With peak festival season around the corner, bankers are pressing for a cut in CRR and policy rates by the Reserve Bank in its monetary policy later this week to boost demand for manufactured goods and revive sagging economic growth.
"We have made our recommendations for releasing the liquidity, making it more accessible, making it less expensive," State Bank of India (SBI) Chairman Pratip Chaudhuri said.
"We have recommended a cut CRR, repo rate and asked RBI not to restrict the MSF to a particular number. Whatever excess SLR banks hold that should be available for MSF (marginal standing facility)," he said.
RBI is scheduled announce the mid-quarter review of the monetary policy for 2013-14 on September 20. In July, RBI raised bank rate and MSF to banks by 2 per cent to 10.25 per cent making loans costlier, in its bid to contain slide of the rupee against dollar.
Introduced during the 2011-12 period, MSF allows banks to borrow money from the central bank at a higher rate when there is significant liquidity crunch.
"We think this tightening of the liquidity and making it more expensive of course may have been helpful in containing or arresting decline of rupee but it has its collateral cost in terms of growth of economy," Chaudhuri said.

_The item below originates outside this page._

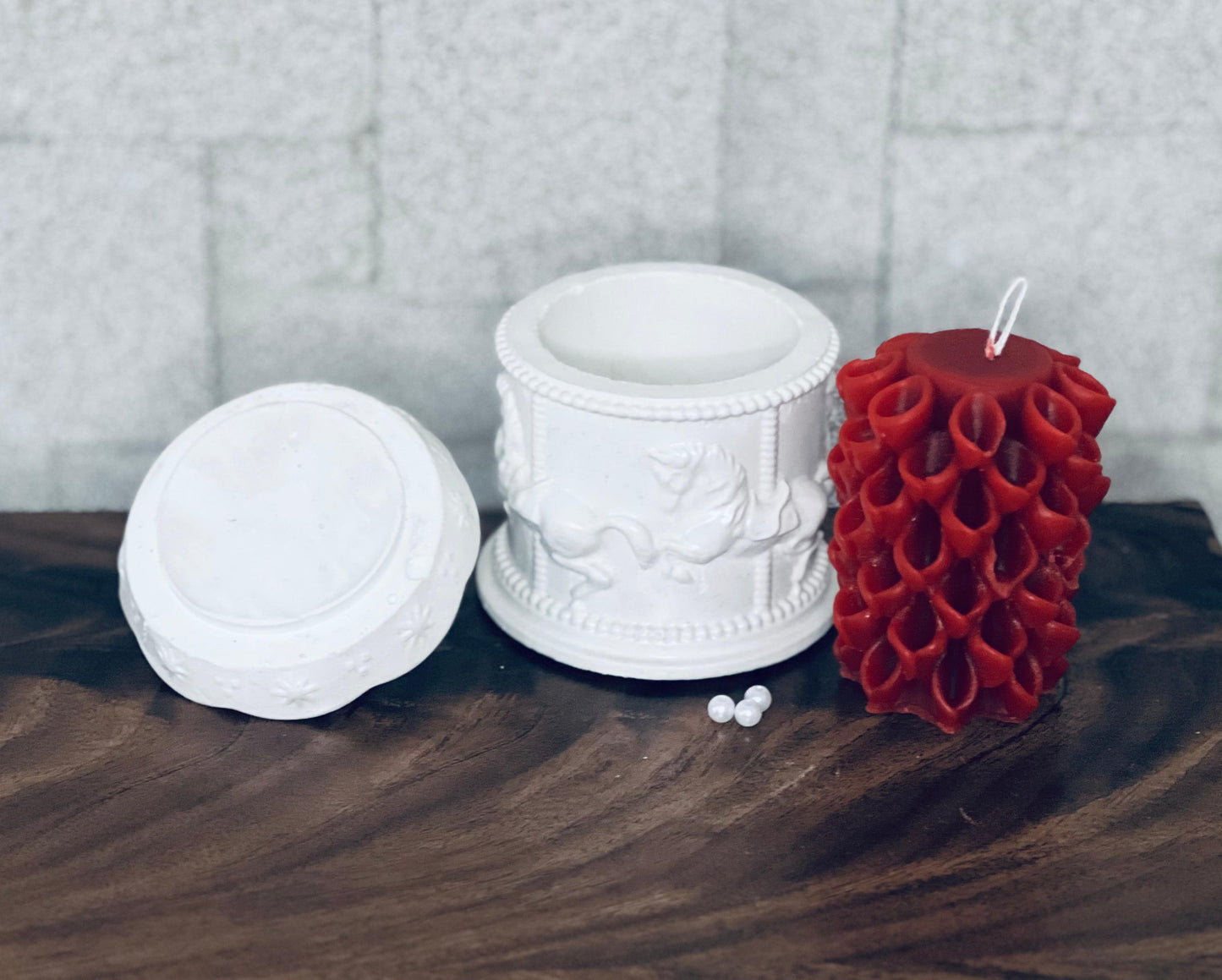 Deya Pillar Candle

Indian Overseas Bank Chairman and Managing Director M Narendra said: "It is our wish that RBI reversed the liquidity tightening measure taken recently so that loan becomes cheaper."

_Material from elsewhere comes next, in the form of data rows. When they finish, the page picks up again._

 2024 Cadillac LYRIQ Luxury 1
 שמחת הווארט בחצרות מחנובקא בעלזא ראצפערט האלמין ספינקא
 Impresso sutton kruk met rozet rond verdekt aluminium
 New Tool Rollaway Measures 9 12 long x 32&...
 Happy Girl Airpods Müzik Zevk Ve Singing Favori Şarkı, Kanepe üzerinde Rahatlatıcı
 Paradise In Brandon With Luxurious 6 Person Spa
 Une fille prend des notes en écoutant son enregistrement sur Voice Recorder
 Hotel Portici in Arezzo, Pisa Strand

With peak festival season around the corner, demand for loans is expected to go up and banks would be able to disburse loans at the lower rate if RBI cuts rate, Narendra said. In its last policy review on July 29, RBI chose to keep all key interest rates unchanged on account of weak rupee.

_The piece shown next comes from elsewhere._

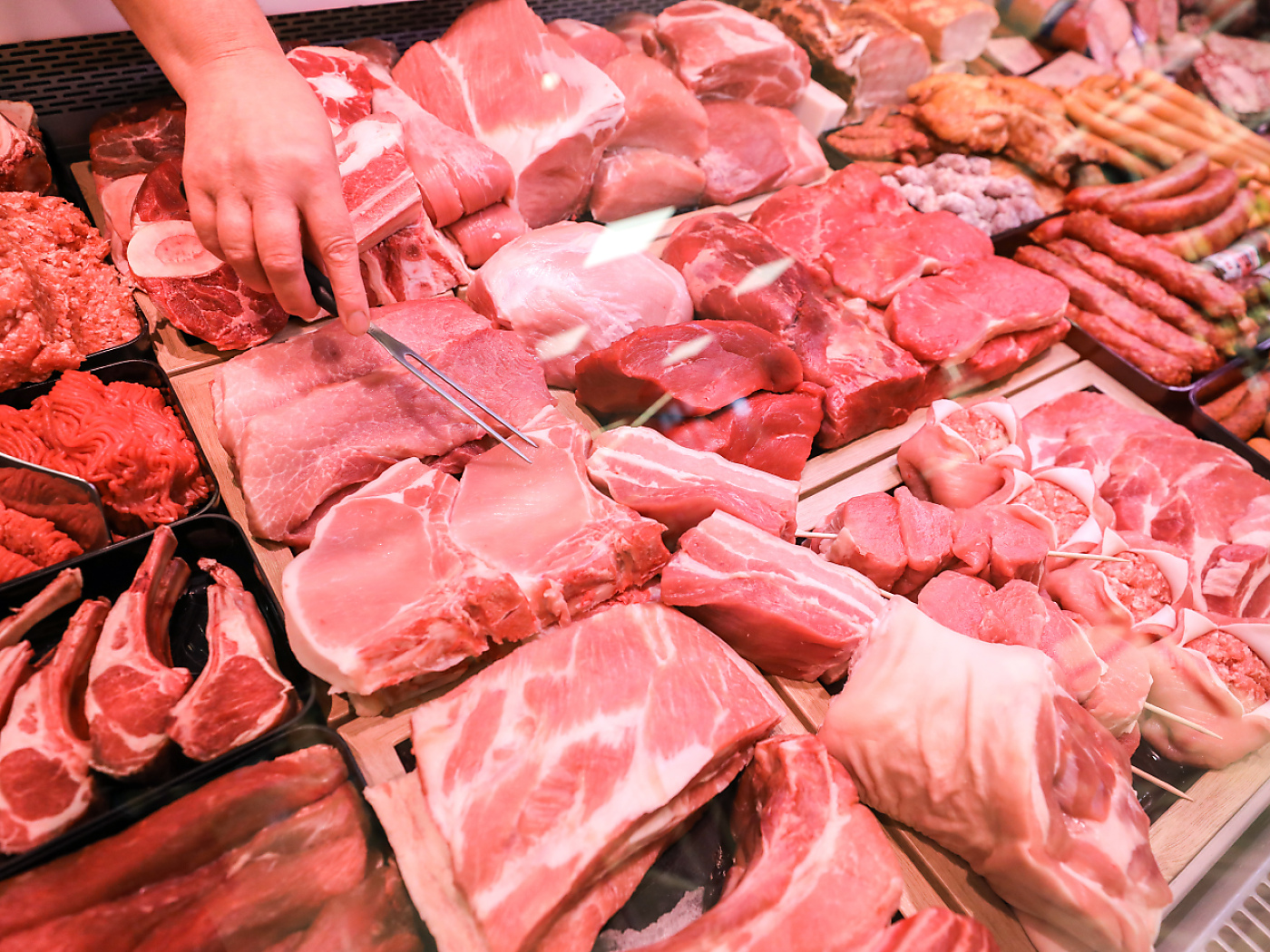 Swiss meat on the decline - total supply on the rise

Accordingly, the repo rate or the rate at which RBI lends to the system, has been retained at 7.25 per cent and the cash reserve ratio (CRR), the amount of deposits banks park with RBI, has been kept unchanged at 4 per cent.
Expressing the hope that liquidity would be eased, Bank of Baroda Executive Director P Srinivas said loan demand is expected to rise as monsoon has been good across the country.
Yesterday, PMEAC Chairman C Rangarajan had said inflation and forex market conditions are expected to weigh on the Reserve Bank decision when it reviews monetary policy.
"All that I can say is that the RBI, I believe, will take into account the behaviour of inflation as well as what is happening in the foreign exchange market and take a decision," he had said. Inflation, based on the Wholesale Price Index, for August rose to 6.10 per cent from 5.79 per cent in July, as per the official data released today.
It was 8.01 per cent in August last year. The rupee has meanwhile appreciated to 62.75 level after having hit the life-time low of 68.85 against the US dollar towards August-end.